With the support of the Christian Right, Trump won. He is in the process of handing the federal judiciary, including the Supreme Court over to the Christian Right, and he has recognised Jerusalem as the capital of Israel, an essential part of Christian Right eschatology. He has surrounded himself  with people whom Fea describes as no better than ‘Court Evangelicals’, an assembly of evangelical pastors ready to defend his every utterance, his every action. Among the most prominent is Paula White, credited by many evangelicals with actually bringing Trump to God. She is a proponent of the ‘prosperity gospel’ that celebrates wealth and the wealthy. One can see why Trump finds this  doctrine amenable. One anecdote is enough to capture the essence of her particular school of Christianity: in 2016 she preached a sermon from John 11:44 regarding the raising of Lazarus from the dead. She went on to tell her followers that God had told her to tell them that they too could overcome life’s difficulties ‘if they would only “sow the seed of faith” in the form of a $1144 donation to her ministry… Those who donated would receive an anointed “prayer cloth” that would bring “signs and wonders” to their lives’. These people are themselves completely without shame so it is hardly a surprise that they continue to support Trump.

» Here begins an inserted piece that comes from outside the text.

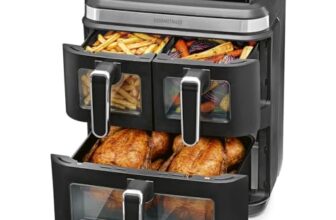 GOURMETmaxx FryUp3 Vertikale Heißluftfritteuse 3 Kammern | Heissluftfritteuse XXL 17 Liter | Airfryer mit Klapp-Touchdisplay, 12 Onetouch-Programmen, Sichtfenstern | Air Fryer Friteuse für 12 Personen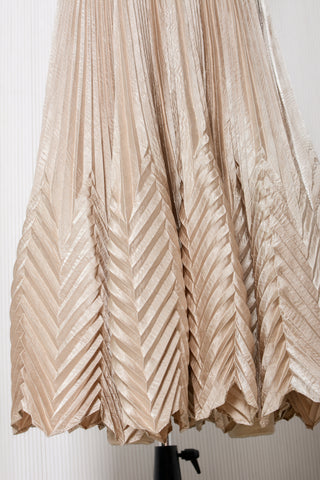 Jeanne Marc Champagne Plisse Skirt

Fea hopes that the period of Christian Right dominance is coming to an end, that their hold over the evangelical movement is weakening. He looks to growing numbers of young evangelicals turning against Trump and what he stands for, rejecting the culture wars and the politics of Fear. It has to be said that at the time of writing there is little sign of this, although it is vitally important to always remember that there are and indeed always have been many liberal, even radical evangelicals. For the time being his book is a very useful contribution to our understanding of the Christian Right.